Разум как “законодатель человеческого духа” (Фихте) является действующим субъектом всемирной истории. Его деятельность проявляется прежде всего в форме практического и теоретического отношения человека к природе, через раскрытие определённости которой происходит раскрытие определённости самого разума в форме экономической, социально-политической и духовной жизни общества. По мере раскрытия своей определённости или содержания для себя разум продвигается к себе как самосознательному разуму - как знающему себя знанию. В этом заключается цель природы и смысл истории.
Последнее утверждение не противоречит христианскому учению о человеке, для которого смысл земной жизни как раз и заключается в сознательном познании божественной истины и обретении на этом тернистом пути свободы. “И познаете истину, и истина сделает вас свободными” (Ин. 8.32). Свобода, таким образом, не привносится извне и не сводится к внешнему выбору материальных или духовных “даров”, а является результатом объективного процесса самообразования мирового духа. В этом процессе всякая душа принимает посильное участие, вносит свою лепту, но только единицы являются действительными “споспешниками истины” (3 Ин.8)
Как законодатель духа разум полагает границы исторического опыта, в рамках которых он пытается, во-первых, осмыслить плоды своих формообразований, т.е. выступает в роли деятеля и историографа, и, во-вторых, стремится познать спекулятивное основание опыта или свою вечную природу в чистом виде, т.е. выступает в роли философа. Но спекулятивное основание опыта невозможно познать разумно (т.е. в систематической форме понятия), находясь лишь на пути, на определённой ступени восхождения разума к себе, и потому философия, прежде чем стать “наукой разума” (Фихте) или “наукой логики” (Гегель), является только историей философии - становлением логического. Вместе с тем, находясь в истории, т.е. в границах опыта духа, философия не теряет достоинства свободного познания, поскольку особенная форма связи практического и теоретического, бытия и мышления не касается её (философии) всеобщего, сакрального характера. Подобно стоику, она никогда не падает духом, и на “плахе” истории – свободна. Какова определённость бытия, такова и определённость сознания – это закон разума, но внеположный по отношению к нему, закон для опытного познания. Поясню, что я имею в виду.
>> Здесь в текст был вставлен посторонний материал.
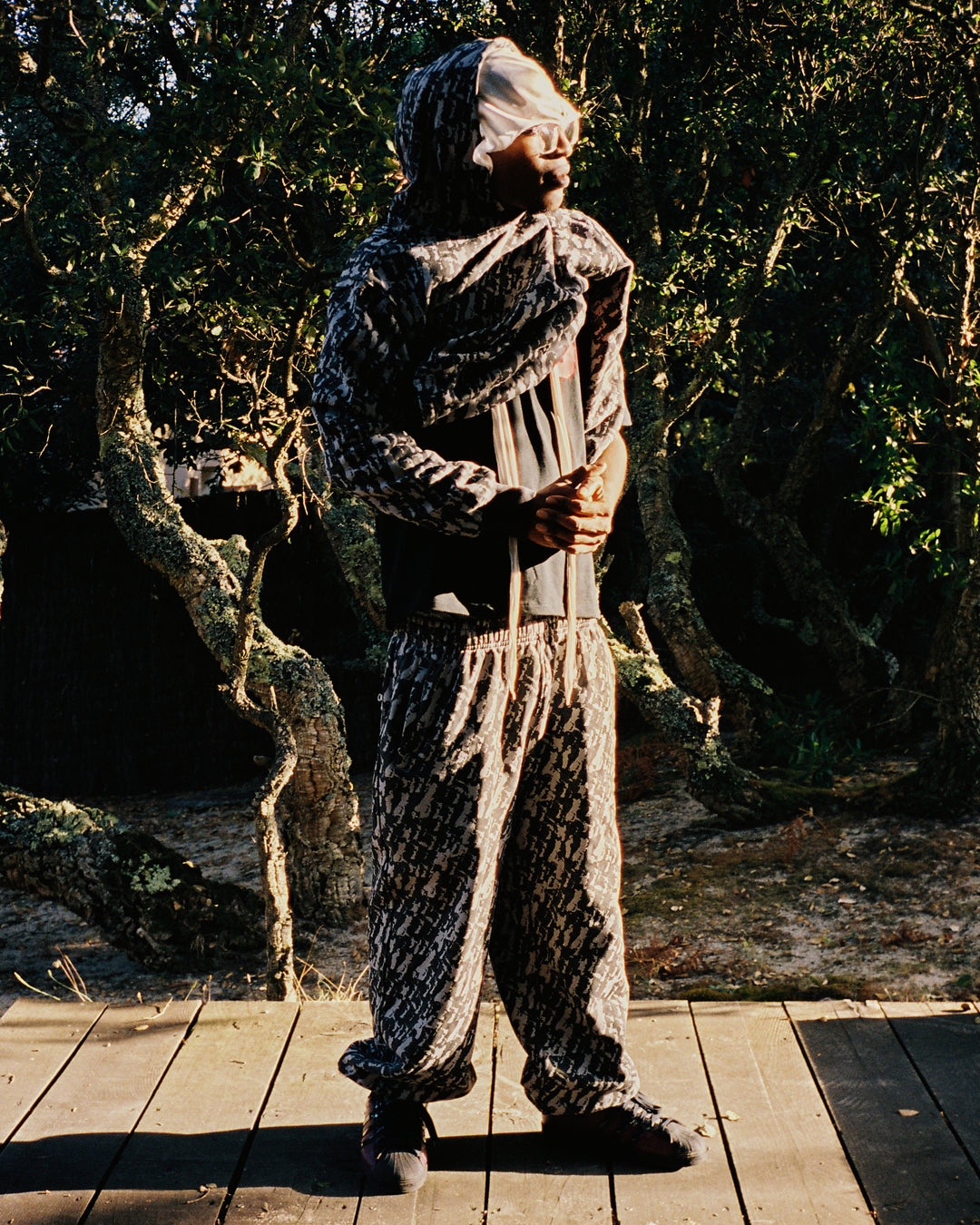 NZ Digi Camo Jogger - Dark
Разум как форма форм образует формации исторической протяжённости и мышления, но сам же их и преодолевает, поскольку не сводится к ним. Протяжённость и сознание протяжённости – это не сущие в себе предметы, а результат деятельности разума, поэтому они имеют виды только его определений: нет ничего в атрибутах, чего не было бы в субстанции. Таким образом, границы исторического опыта, полагаемые деятельностью разума, есть ничто иное, как границы категорий рассудка, в рамках которых происходят исторические события. Поэтому философское понимание истории должно опираться на учение о чистом рассудке, (составляющем достояние истории философии) и из него дедуцировать принцип деления человеческой истории как субъективное понятие объективно действующего предмета. Почему, к примеру, Фихте и Маркс говорят о пяти формациях (эпохах) истории – не ясно, хотя оба заявляют о научном способе познания предмета истории. Гегель в лекциях по философии истории – в рубрике “Деление всемирной истории” - опирается на совершенно не соответствующий логическому понятию “возрастной” принцип деления: Азия соответствует у него отрочеству, для которого характерна “драчливость”, греческий мир – юношеству и т.д. Неокантианцы, рассуждая об истории как науке, пытаются понять и развить Канта, но только вне контекста всемирно-исторического движения духа, то есть “не заходя в воду”. Это неверно по отношению, во-первых, к истории или, точнее говоря, всеобщему предмету философии, который действует в истории, а не где-то по ту сторону и, во-вторых, к Канту, в лице которого всеобщий предмет в целях самопознания погружается внутрь своего гносеологического аспекта, чтобы раскрыть определённость формы познания, дойти до самосознания. Так, Виндельбанд говорит о необходимости “расширить границы кантовского понятия науки”, включить в последнее, помимо естествознания, также и историю. “История как объект науки, - пишет он, - есть приведённая в порядок связь, которую мы смогли выпрепарировать из фактов, исходя из всеобще признанных и необходимых интересов разума”5. Ещё “глубже” заходит К. Поппер: “ Я утверждаю, что … хотя история и не имеет смысла, мы можем придать ей смысл. Ни природа, ни история не могут сказать нам, что мы обязаны делать”6.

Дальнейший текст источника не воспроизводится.